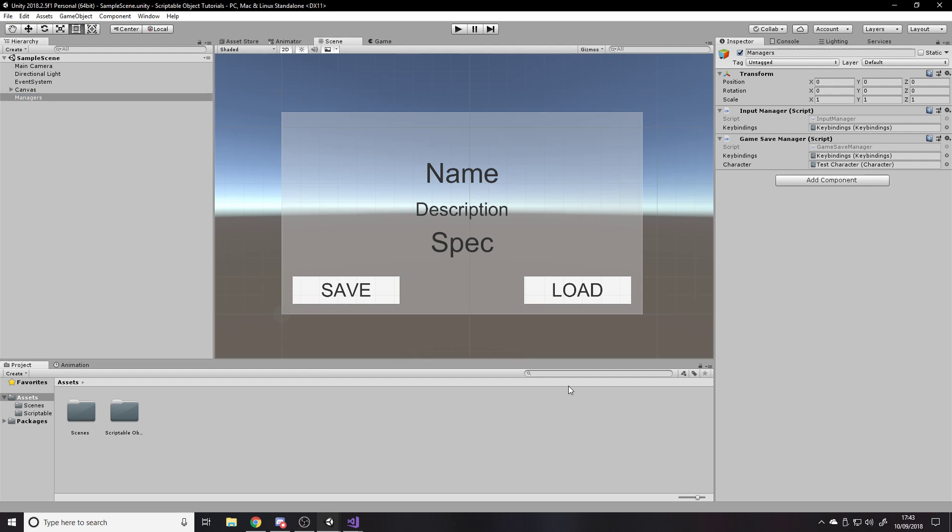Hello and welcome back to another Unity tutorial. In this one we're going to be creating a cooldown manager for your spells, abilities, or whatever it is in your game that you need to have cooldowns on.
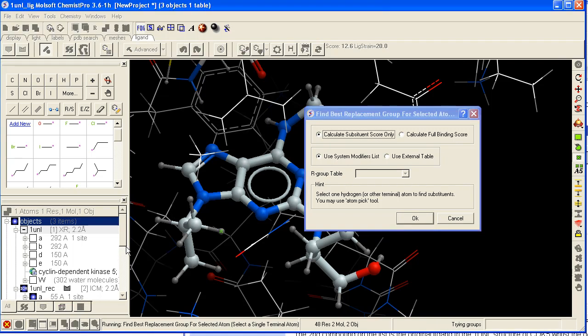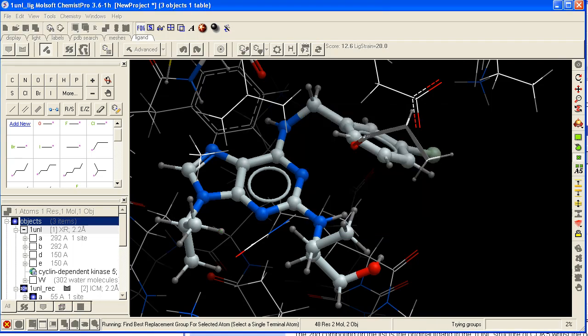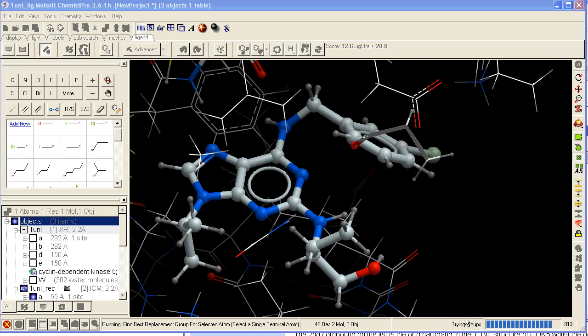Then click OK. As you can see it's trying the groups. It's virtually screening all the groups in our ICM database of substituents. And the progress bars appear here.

——

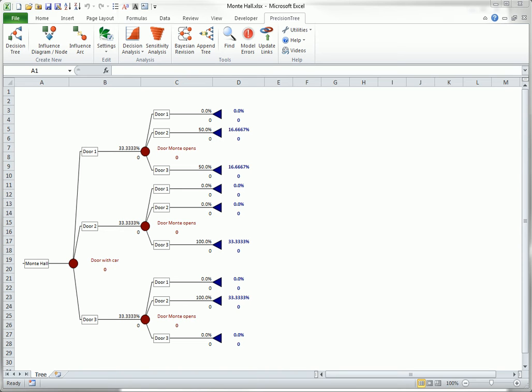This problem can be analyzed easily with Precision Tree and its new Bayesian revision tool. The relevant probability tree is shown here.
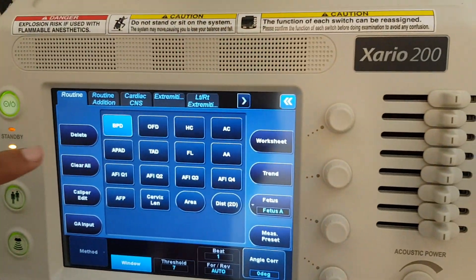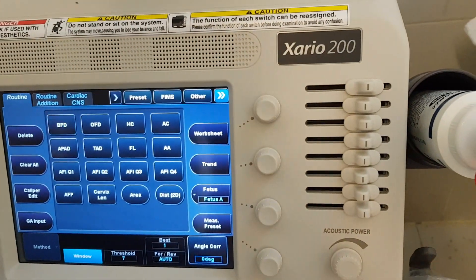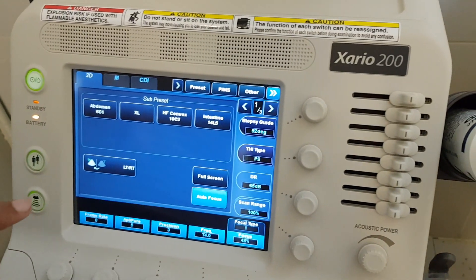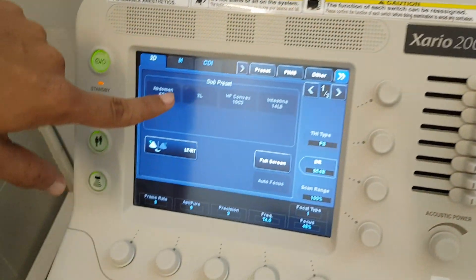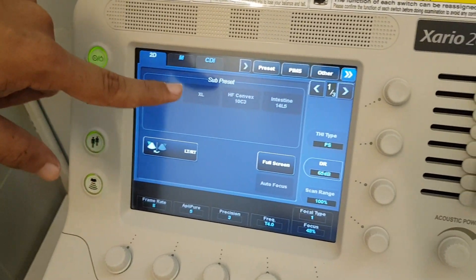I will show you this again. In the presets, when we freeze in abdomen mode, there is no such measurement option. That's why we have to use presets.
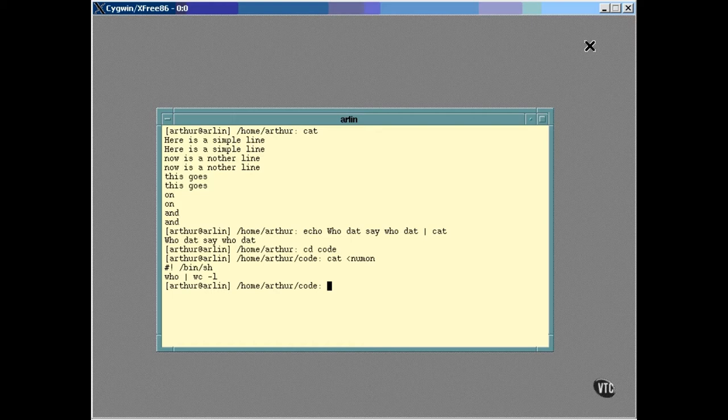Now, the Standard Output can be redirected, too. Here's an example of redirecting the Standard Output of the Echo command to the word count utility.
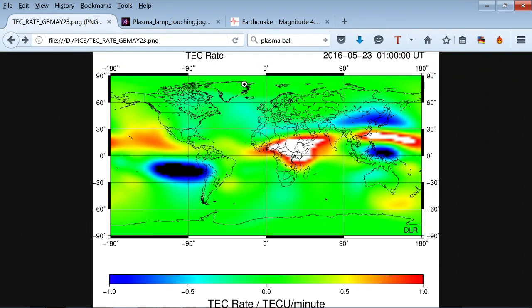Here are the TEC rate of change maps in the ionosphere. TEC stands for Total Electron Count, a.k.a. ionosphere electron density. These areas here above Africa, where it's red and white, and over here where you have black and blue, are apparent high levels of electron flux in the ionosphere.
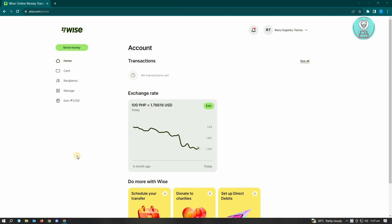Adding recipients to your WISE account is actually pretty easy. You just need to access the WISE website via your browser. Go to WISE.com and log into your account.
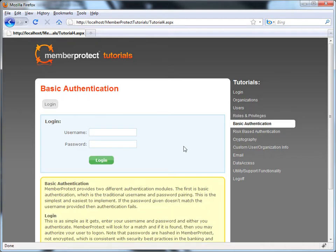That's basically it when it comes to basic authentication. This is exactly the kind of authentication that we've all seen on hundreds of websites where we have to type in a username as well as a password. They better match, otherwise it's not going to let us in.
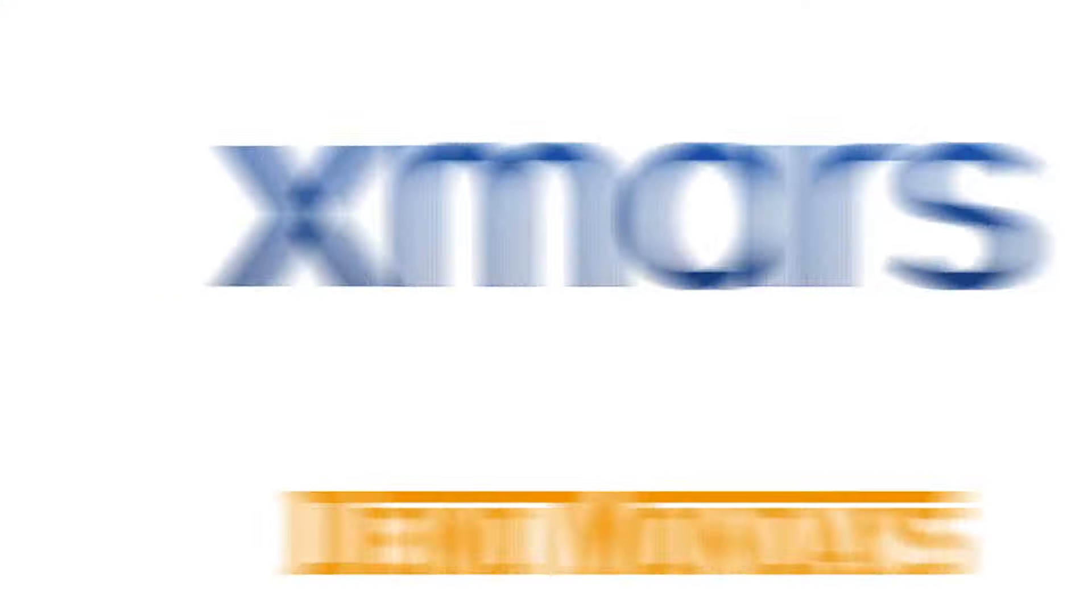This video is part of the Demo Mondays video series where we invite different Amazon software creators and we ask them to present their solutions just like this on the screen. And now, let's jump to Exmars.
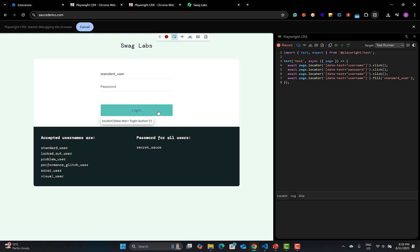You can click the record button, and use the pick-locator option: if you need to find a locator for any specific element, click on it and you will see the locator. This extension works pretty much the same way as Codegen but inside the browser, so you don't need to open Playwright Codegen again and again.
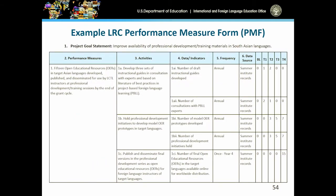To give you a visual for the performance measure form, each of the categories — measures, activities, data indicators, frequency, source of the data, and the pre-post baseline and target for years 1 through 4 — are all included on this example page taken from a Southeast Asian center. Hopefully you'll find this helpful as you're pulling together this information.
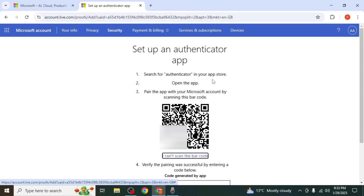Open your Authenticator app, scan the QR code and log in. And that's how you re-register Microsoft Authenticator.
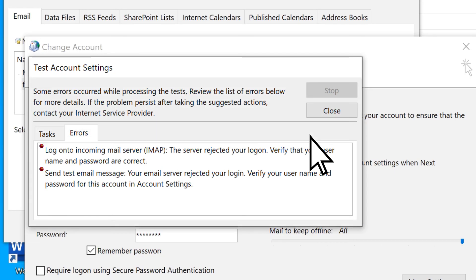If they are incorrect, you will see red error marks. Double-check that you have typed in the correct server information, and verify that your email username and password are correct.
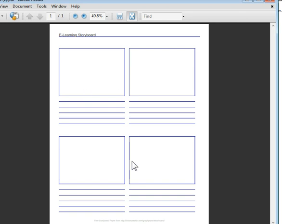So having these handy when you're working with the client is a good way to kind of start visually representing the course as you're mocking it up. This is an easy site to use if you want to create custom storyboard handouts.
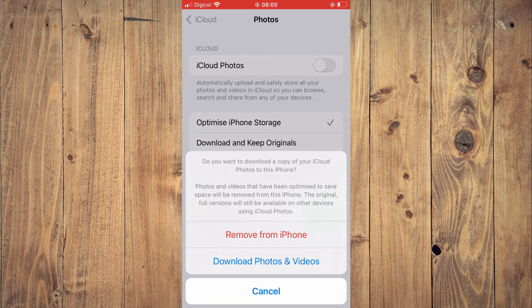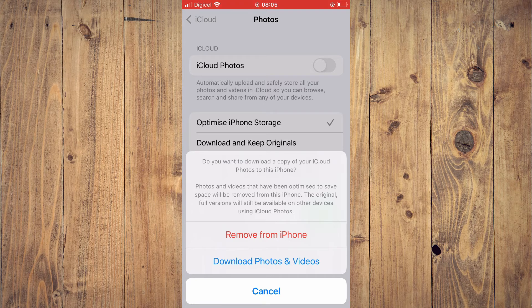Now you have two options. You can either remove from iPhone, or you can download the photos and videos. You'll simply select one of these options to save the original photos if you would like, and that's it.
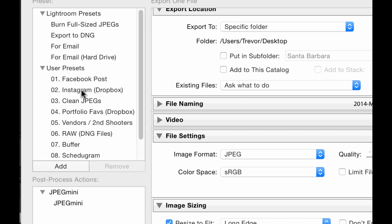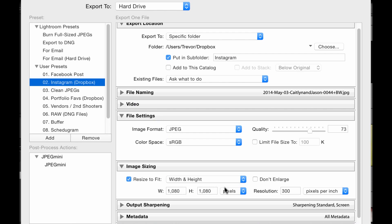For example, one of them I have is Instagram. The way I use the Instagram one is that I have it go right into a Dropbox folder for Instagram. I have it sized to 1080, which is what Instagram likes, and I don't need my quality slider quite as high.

——

*TASK PROMPT:*
Give again, exactly as written above, each line from the one that has "To give you" to the one that has "For example, one", both included; omit the pictures.

*ANSWER TO THIS TASK:*
To give you a visual for the performance measure form, each of the categories — measures, activities, data indicators, frequency, source of the data, and the pre-post baseline and target for years 1 through 4 — are all included on this example page taken from a Southeast Asian center. Hopefully you'll find this helpful as you're pulling together this information.
Open your Authenticator app, scan the QR code and log in. And that's how you re-register Microsoft Authenticator.
If they are incorrect, you will see red error marks. Double-check that you have typed in the correct server information, and verify that your email username and password are correct.
So having these handy when you're working with the client is a good way to kind of start visually representing the course as you're mocking it up. This is an easy site to use if you want to create custom storyboard handouts.
Now you have two options. You can either remove from iPhone, or you can download the photos and videos. You'll simply select one of these options to save the original photos if you would like, and that's it.
For example, one of them I have is Instagram. The way I use the Instagram one is that I have it go right into a Dropbox folder for Instagram. I have it sized to 1080, which is what Instagram likes, and I don't need my quality slider quite as high.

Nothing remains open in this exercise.